Сэми, трясясь от страха, не решалась игнорировать распоряжения матери и делала, что ей сказали.
Но в основном разбираться с Кэти приходилось Шейну.
Когда Шелли говорила ему ударить ее или пнуть ногой, он бил и пинал. Ему это не нравилось, но он выполнял приказания, потому что знал – в противном случае Шелли возьмется за него. Если он не делал того, что она говорила, его вываливали в грязи, голым прикручивали скотчем к батарее или заставляли спать на цементном полу без одеяла и без одежды. Шейн слушался Шелли еще и по другой причине. Пускай он ненавидел ее за то, как она с ним обращалась и что вытворяла с другими членами семьи, тетя Шелли была для него единственным подобием матери.
Он хотел угодить Шелли, не дать ей разозлиться. Делал, что она велела.
«Кэти боялась Шейна, – вспоминала Сэми. – Она считала его своим мучителем, хоть он и действовал по маминой указке. Он ее бил. Пинал ногами. Делал все, что мама ему приказывала».
Шелли заходила с разных сторон.
Один раз, когда Кэти бежала вверх по лестнице в попытке ускользнуть от Шейна, Шелли выскочила ей навстречу и схватила в объятия, словно пытаясь защитить. Притворилась ее спасителем, а не мучительницей.
Потом как-то раз Кэти пропала, и все принялись ее искать. В доме. За домом.
– Должна же она где-то быть! – сказала Шелли.
Никто не мог ее найти, пока Сэми не обнаружила Кэти, съежившуюся клубком, у матери в шкафу.
Оказалось, это Шелли посадила ее туда. Сэми слышала, как ее мать разговаривает с Кэти.
– Все будет хорошо, – шептала она. – Я смогу тебя защитить. Со мной тебе ничего не грозит, Кэти. Никто тебя не обидит, обещаю. Шейн не будет тебя бить. Никто не будет, вот увидишь.
Кэти плакала и благодарила Шелли, что она вмешалась и выручила ее.
«Мама вела себя так, будто не знала, где Кэти пропадала весь день. Но она знала. Она сама посадила ее в шкаф. Вроде как чтобы Шейн ее не бил, но на самом деле мама просто хотела, чтобы Кэти думала, будто она на ее стороне. Хоть это было не так», – вспоминала Сэми.
Сэми выпустила Кэти из шкафа.
Но такое происходило еще не раз.
Иногда, когда у них были гости, Шелли приказывала Кэти сидеть в шкафу, пока те не уйдут. Неважно сколько. Порой много часов. Кэти сидела, сжавшись в комочек, на полу и терпеливо дожидалась, когда полоска света появится между открывающихся дверей.

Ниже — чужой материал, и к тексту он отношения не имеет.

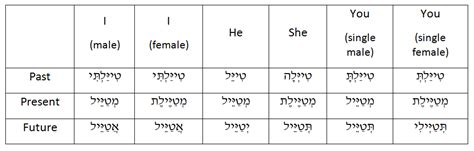 5 Useful Hebrew Verbs For Summer Hebrew Language Blog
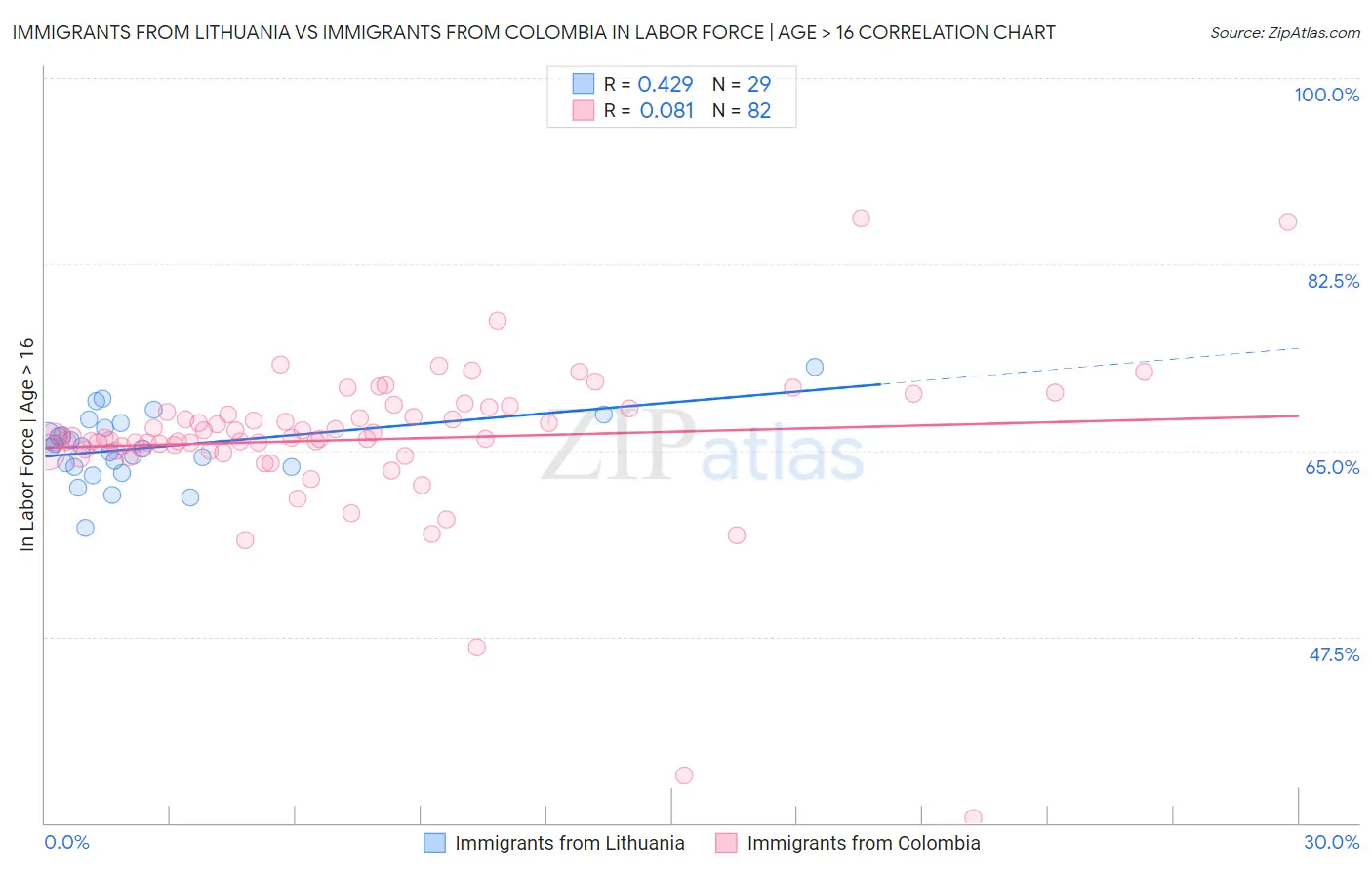 Immigrants from Lithuania vs Immigrants from Colombia In Labor Force | Age > 16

Кэти сильно похудела. Вся кожа у нее была в синяках и царапинах. Зубы стали выпадать. А волосы – длинные кудри, которыми она так гордилась, – Шелли обкромсала парикмахерскими ножницами. Никки потом вспоминала, как Кэти смотрела на них, когда мать их наказывала. У нее от этого вставал ком в горле. В глазах Кэти было понимание.
Понимание!
Кэти, ставшая главной мишенью изуверского стремления их матери причинять людям боль, понимала их чувства.
Кэти отказывалась принимать от детей какую-либо помощь. Знала, что если они попытаются ей помочь – спасти ее, – то станут следующими жертвами их матери и отца.
– Я бы хотела, чтобы вы могли спасти меня, – сказала она как-то раз. – Но вы не можете, я знаю.
Дело было не в том, что Кэти приносила себя в жертву ради них, и Никки это знала. Просто она решила, что ситуация безвыходная. По крайней мере, для нее.
«Меня очень раздражало, когда Кэти что-то нам приказывала, – говорила Никки годы спустя. – Временами я очень на нее злилась. Для нас, детей, она была как заноза в заднице. Мама дала ей всю власть, чтобы она чувствовала себя важной, незаменимой. Какой подросток захочет, чтобы чужой человек командовал им? Но в то же время я видела, какова она на самом деле. Кэти была по-настоящему хорошим человеком».